_Directions:_ Leave out all pictures while you copy the lines exactly from the one with "Christmas (2023) T-Shirt product image (3)" through the last line of the listing.

-.-.-

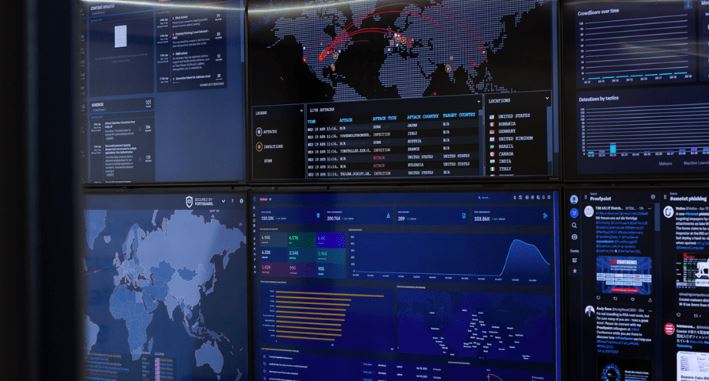 NTT DATA and Palo Alto Networks Form Global Strategic Alliance for AI Security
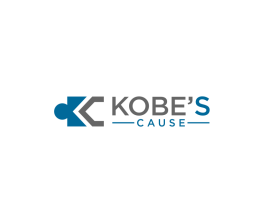 Kobe’s Cause entry by Crisdy99
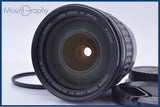 【動作保証】 キヤノン Canon EF 28-135mm F3.5-5.6 IS USM 前後キャップ&レンズフィルター付 同梱無料 #R455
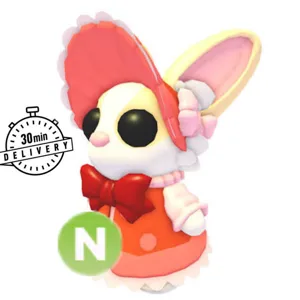 Mrs. Whiskerpips neon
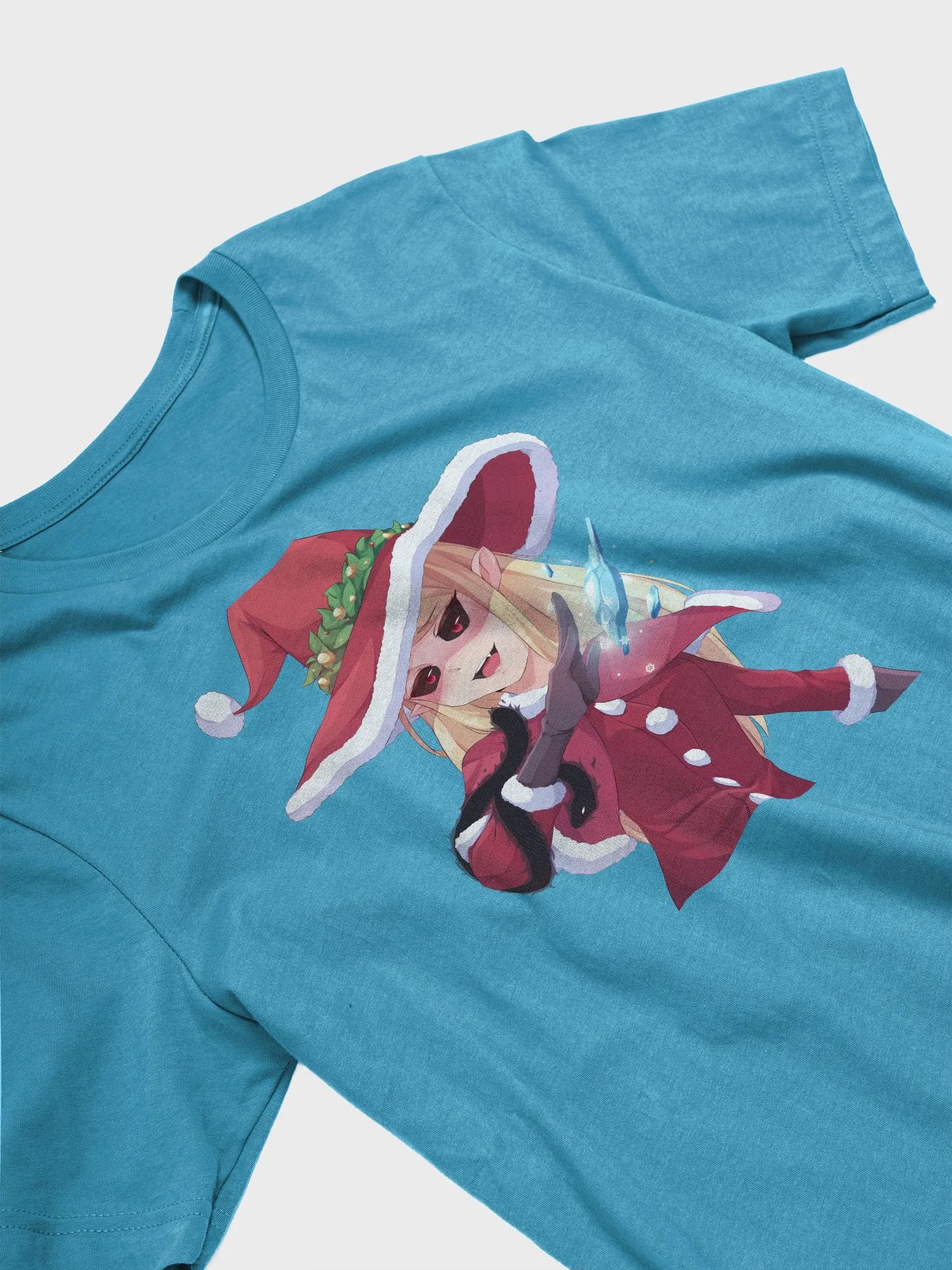 Christmas (2023) T-Shirt product image (3)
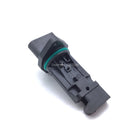 Mass Air Flow Meter MAF Sensor For Volkswagen VW  Audi A3 All Engine 1.9 TDI 0281002531 038906461B F00C2G2055 0 281 002 531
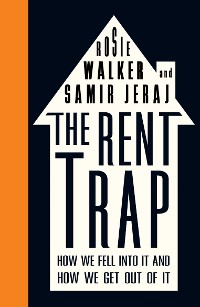 Cover The Rent Trap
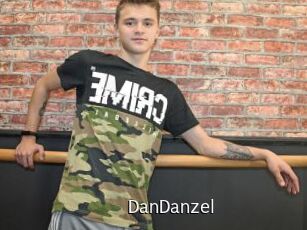 DanDanzel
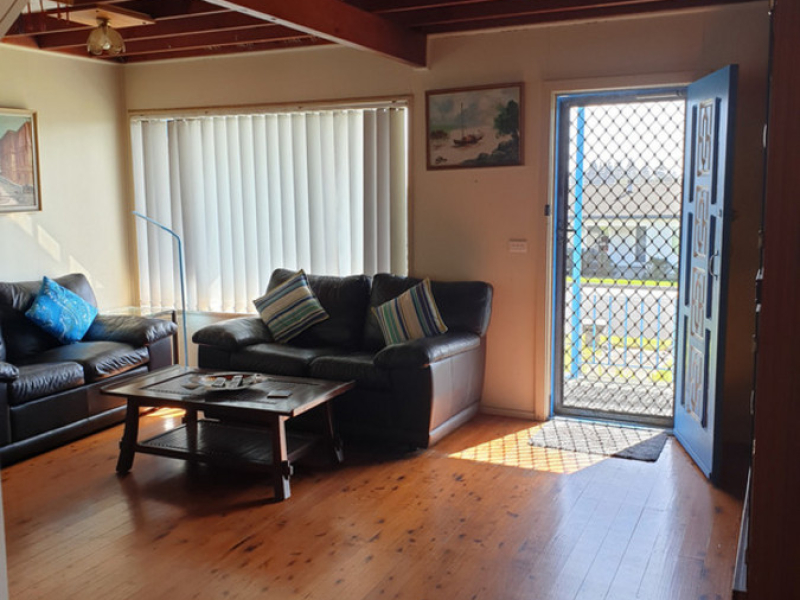 2 Paraboon Drive, Bermagui, NSW 2546 AUS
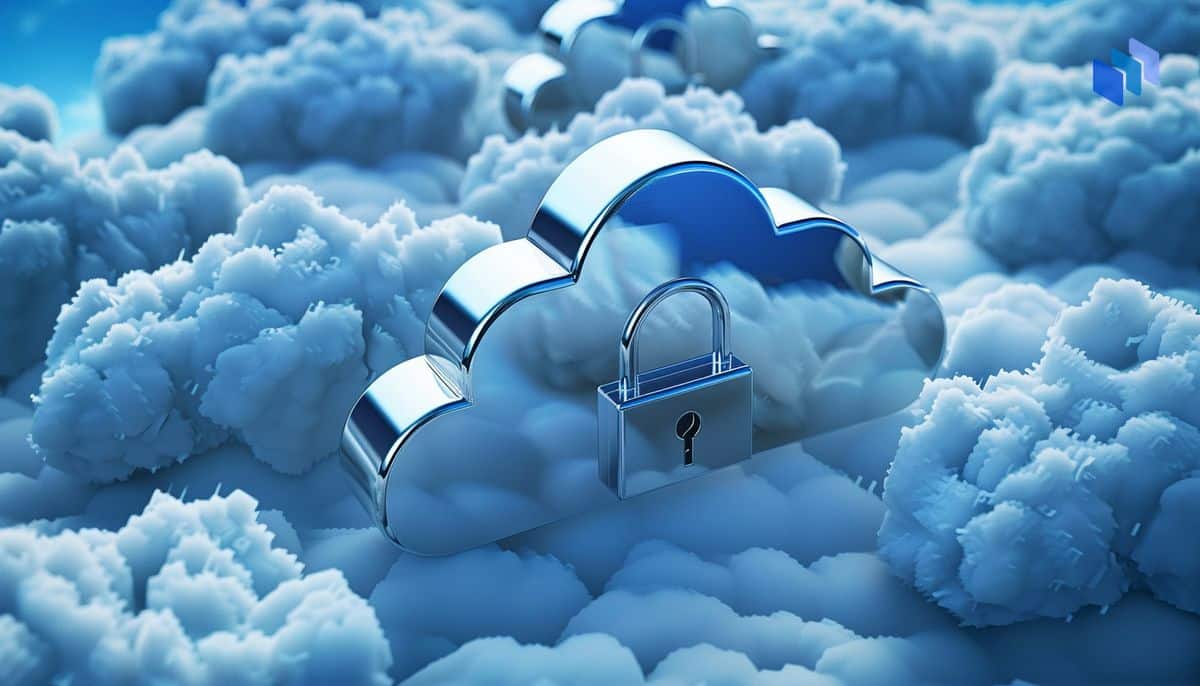 How to Mitigate Cloud Security Risks: Exclusive with Qualys’s Pinkesh Shah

-.-.-

_Answer to the problem:_
 Christmas (2023) T-Shirt product image (3)
 Mass Air Flow Meter MAF Sensor For Volkswagen VW  Audi A3 All Engine 1.9 TDI 0281002531 038906461B F00C2G2055 0 281 002 531
 Cover The Rent Trap
 DanDanzel
 2 Paraboon Drive, Bermagui, NSW 2546 AUS
 How to Mitigate Cloud Security Risks: Exclusive with Qualys’s Pinkesh Shah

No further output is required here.